> [THE TASK]:
Below are several records. Retype exactly those lines running from the one with "Düşünce Ekseninde Metafizik" through the one with "阿里云内容安全折扣在哪里修改密码：一站式解决方案全解析", end lines included, and no others.

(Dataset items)
┏━━

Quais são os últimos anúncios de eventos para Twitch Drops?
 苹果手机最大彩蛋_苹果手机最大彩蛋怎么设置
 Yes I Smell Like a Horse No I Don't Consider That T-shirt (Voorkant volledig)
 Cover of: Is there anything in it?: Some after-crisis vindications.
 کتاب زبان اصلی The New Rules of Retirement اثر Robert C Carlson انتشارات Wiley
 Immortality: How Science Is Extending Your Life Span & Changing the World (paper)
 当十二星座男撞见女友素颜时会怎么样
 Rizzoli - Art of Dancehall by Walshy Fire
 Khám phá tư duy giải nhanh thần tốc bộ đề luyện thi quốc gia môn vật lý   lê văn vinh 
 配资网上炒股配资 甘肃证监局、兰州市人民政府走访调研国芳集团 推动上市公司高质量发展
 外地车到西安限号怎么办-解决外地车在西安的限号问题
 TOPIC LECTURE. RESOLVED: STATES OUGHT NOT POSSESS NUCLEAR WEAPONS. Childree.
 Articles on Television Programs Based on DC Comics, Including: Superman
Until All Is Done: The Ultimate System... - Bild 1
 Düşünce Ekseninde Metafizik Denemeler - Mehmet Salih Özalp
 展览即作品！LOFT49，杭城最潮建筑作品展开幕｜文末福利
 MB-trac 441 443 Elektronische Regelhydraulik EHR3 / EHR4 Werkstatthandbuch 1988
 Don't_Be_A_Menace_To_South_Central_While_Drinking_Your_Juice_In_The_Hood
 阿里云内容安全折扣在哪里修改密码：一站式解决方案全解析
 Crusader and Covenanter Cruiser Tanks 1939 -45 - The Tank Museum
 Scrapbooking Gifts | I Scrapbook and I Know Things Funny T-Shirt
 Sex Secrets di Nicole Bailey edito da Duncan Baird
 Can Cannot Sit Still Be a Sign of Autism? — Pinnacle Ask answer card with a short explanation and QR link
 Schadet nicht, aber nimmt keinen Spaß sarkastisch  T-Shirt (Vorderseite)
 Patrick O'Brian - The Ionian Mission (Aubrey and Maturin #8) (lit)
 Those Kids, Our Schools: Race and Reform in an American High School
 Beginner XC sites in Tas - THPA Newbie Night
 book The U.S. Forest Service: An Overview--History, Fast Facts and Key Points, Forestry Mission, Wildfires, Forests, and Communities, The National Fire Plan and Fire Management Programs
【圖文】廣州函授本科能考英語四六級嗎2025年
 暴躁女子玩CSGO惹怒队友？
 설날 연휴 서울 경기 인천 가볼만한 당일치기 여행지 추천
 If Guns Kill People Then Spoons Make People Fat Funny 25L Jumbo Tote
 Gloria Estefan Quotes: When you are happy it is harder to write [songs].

┗━━

> [TASK RESPONSE]:
 Düşünce Ekseninde Metafizik Denemeler - Mehmet Salih Özalp
 展览即作品！LOFT49，杭城最潮建筑作品展开幕｜文末福利
 MB-trac 441 443 Elektronische Regelhydraulik EHR3 / EHR4 Werkstatthandbuch 1988
 Don't_Be_A_Menace_To_South_Central_While_Drinking_Your_Juice_In_The_Hood
 阿里云内容安全折扣在哪里修改密码：一站式解决方案全解析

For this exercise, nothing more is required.